When we walked out of the doctor’s office into the waiting room, everything looked different. I smiled at everyone lined up still waiting to go for their appointment, and I thought: how is it we are here obviously dealing with cancer in some way…sitting, waiting, filled with anger, rage, sadness, frustration, and we are able to hold it together. We sit and we wait, reading magazines, looking out windows, inwardly hoping, inwardly praying. But we wear brave faces.

Everything looked different on the walk out.

We went to the nearby Southgate Centre for a coffee and a cinnamon bun. We didn’t say a lot, there were no tears, we just enjoyed one another’s company.

My Dad and I were visiting on a mall bench and looked up and thought the leaf art work in the sky light was so pretty…  Right after I took this picture, I looked to my right and my dear friend Tawny was walking by us. We never just accidentally bump into one another in the City.  Kismet.

We said our good-byes, and I drove home with the windows down, music turned up as loud as it would go.

I picked up my kids, fed them supper, sat down in my office and it all sunk in. I phoned a few of my sisters, and then I cried like a baby. And made that video.

But I want you to know something, despite the tears and the fears I shared, I feel very hopeful. My Dad is a fighter and I have faith he will make it through this second fight. I feel positive. At this point in my life, I’ve realized there is real power in sharing and connecting, and sometimes that means showing vulnerability.  It means we are not alone. There are others feeling the same frustration, pain, and anger.  One doesn’t have to put on a brave face all the time, it’s OK to show that emotion, and then move forward through it. By sharing, you create a circle of support that is so needed during times of trial.

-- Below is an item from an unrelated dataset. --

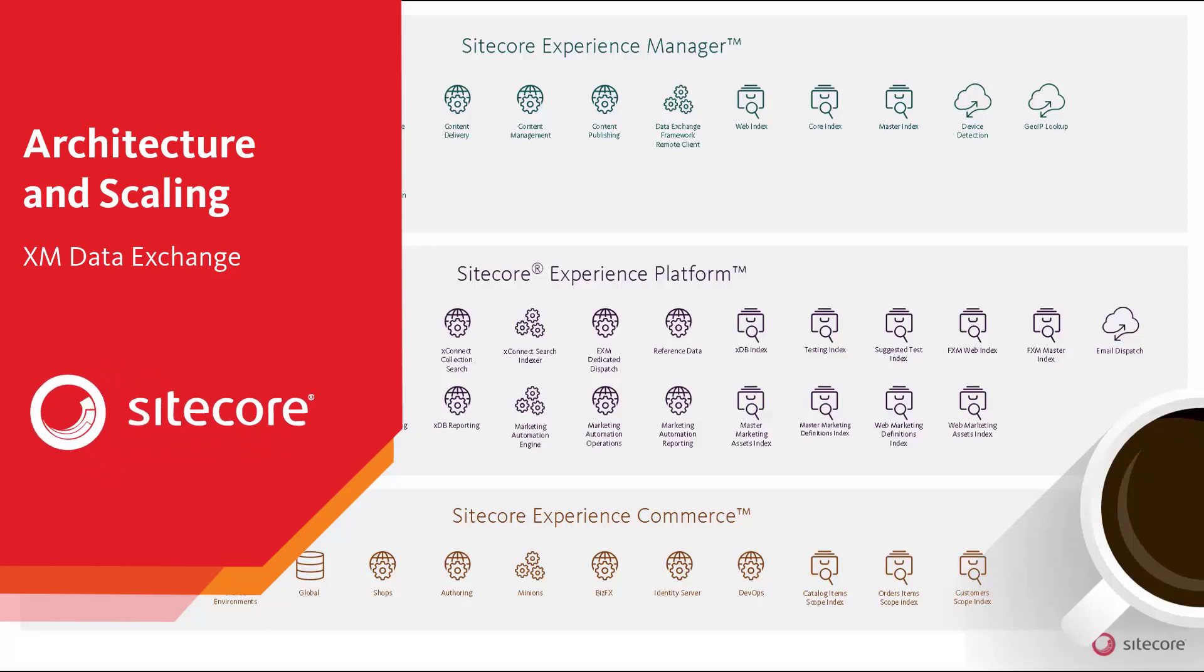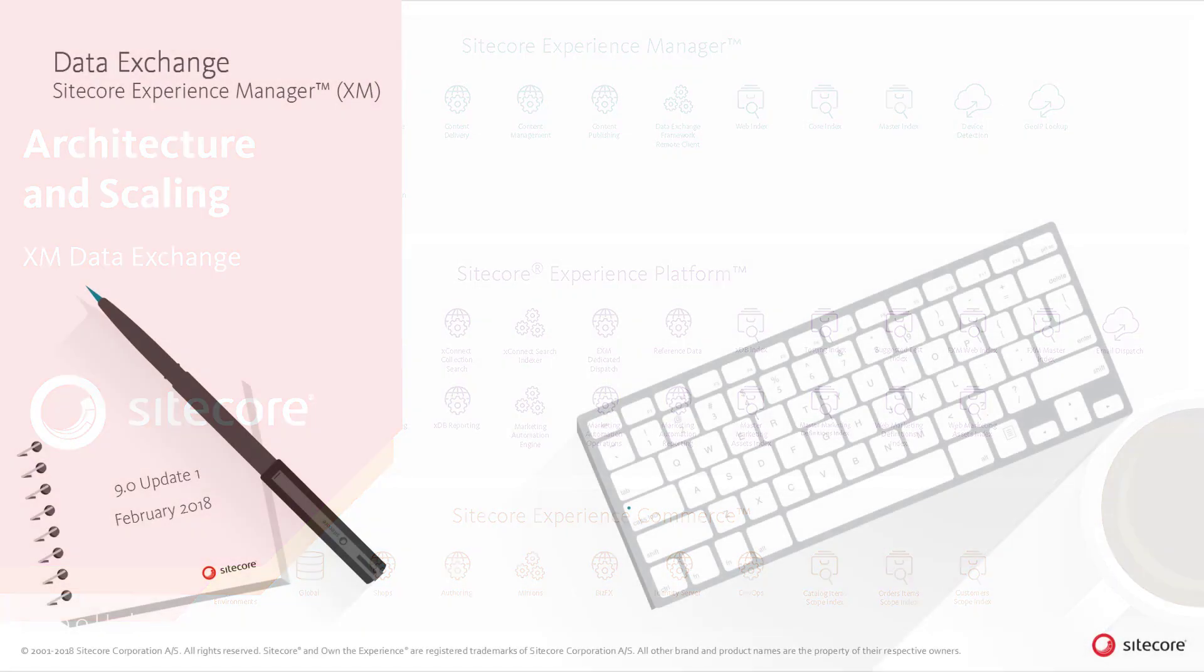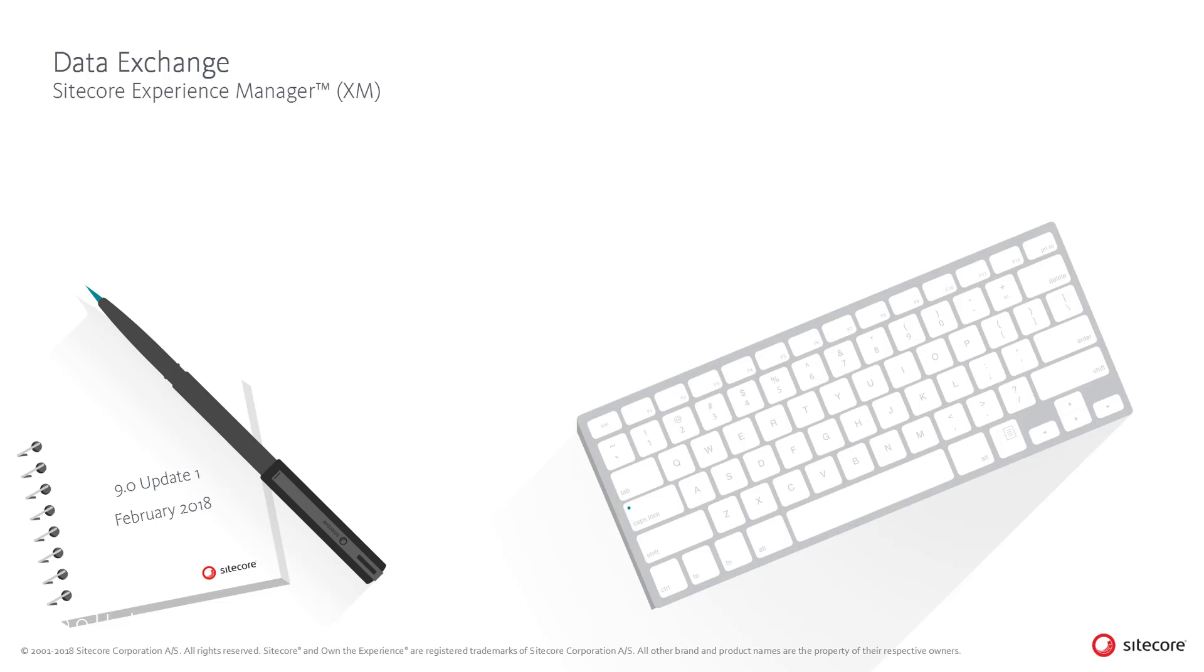The Sitecore Data Exchange Framework allows data to be synchronized to and from Sitecore and any other system or database. It is a subsystem which allows the definition and customization of data exchange processes, extracting, manipulating and mapping the Sitecore and external data.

cancer is that horrible disease that brings forward emotions one has never felt before, and often those feelings are just left within to grow and fester. Our family has always come together in faith and support. We believe in the power of prayer. My Dad asked me to share his journey with you so that he has people out there praying for him.

Sometimes, it’s hard to know what to say when you see someone in pain.  But, the positive thoughts, prayers, kind words, a hand reached out in support, a coffee delivered to your door, a phone call, an e-mail, a smile when you pass by…truly has the power to change the state of another’s heart. The strength of the human spirit is alive and well my friends. Thank you God for that.

There is power in authentic sharing and connecting. I believe it changes perceptions and it’s what makes walls come down. We are not alone, we are never alone.

So thank you to all our friends and family who have taken time out of their busy lives to support, care, and pray. We appreciate it more than you could ever know.

Thank you for all of those who have donated to our Team Hope for the Leduc Relay for Life.  http://convio.cancer.ca/goto/christinehopaluk
It’s the only way I know how to fight back at this time when I feel so helpless…not just in honour of my Father and in memory of my Aunt, but also for all of the loved ones out there who have been affected by cancer.

I will leave you with a blog post that I wrote before my Dad was diagnosed with Prostate cancer: http://christinehopaluk.com/blog/2010/08/07/at-the-farm-with-my-dad/

I love you Dad. Fight. Fight. Fight.